The Ministry of External Affairs (MEA) also hit
back. It objected to Chinese involvement in
projects in Pakistan-administered Kashmir and
warned that this would impact Sino-Indian ties in the long run.

In August, during Pakistan President Asif Ali
Zardari's visit to China, China and Pakistan
signed a memorandum of understanding on building
a 7,000-megawatt hydropower project in Bunji in
Pakistani Kashmir. The two countries are also
working to upgrade the strategic Karakoram
Highway, which runs from Kashgar in China's
Xinjiang province through Gilgit and Bunji in
Pakistani Kashmir up to Havelin near Abbotabad in Pakistan.
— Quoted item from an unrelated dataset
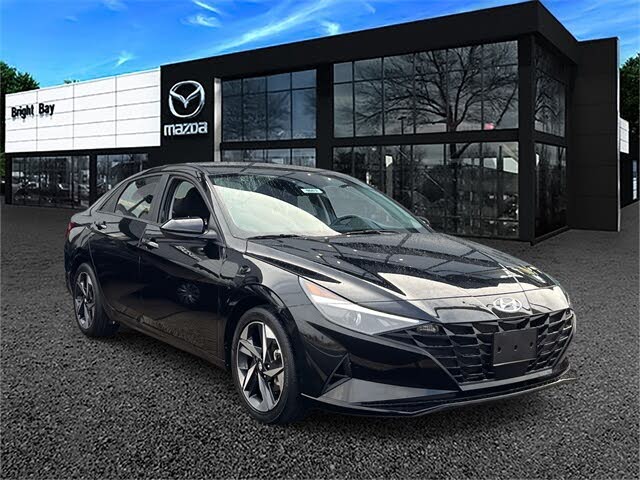 2023 Hyundai Elantra SEL FWD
Soon after, the MEA lodged a protest over the
hydro project at Bunji with Pakistan's deputy
high commissioner, Riffat Masood, in New Delhi.
Its high commission in Islamabad, too, lodged a
formal protest with Pakistan's Foreign Office. At
that time, however, India did not raise the matter with the Chinese.

In the month since, with relations with China
deteriorating considerably, Delhi decided to
punch back. "We hope that the Chinese side will
take a long-term view of India-China relations,
and cease such activities in areas illegally
occupied by Pakistan," the MEA said in a statement last week.

These are strong words for a government that has
generally been accused of being timid in dealing
with China. But will the shedding of diffidence
last? The newfound toughness in its words at
least will be put to the test soon.

The Dalai Lama's week-long visit to Arunachal is
due to begin on November 8, when he will land in
Tawang, the main bone of contention between India
and China. Chinese pressure on India is bound to
mount in the coming weeks. Whether India will
resist the pressure or succumb to it, as it has
in the past, will be keenly watched.

Sudha Ramachandran is an independent journalist/researcher based in Bangalore.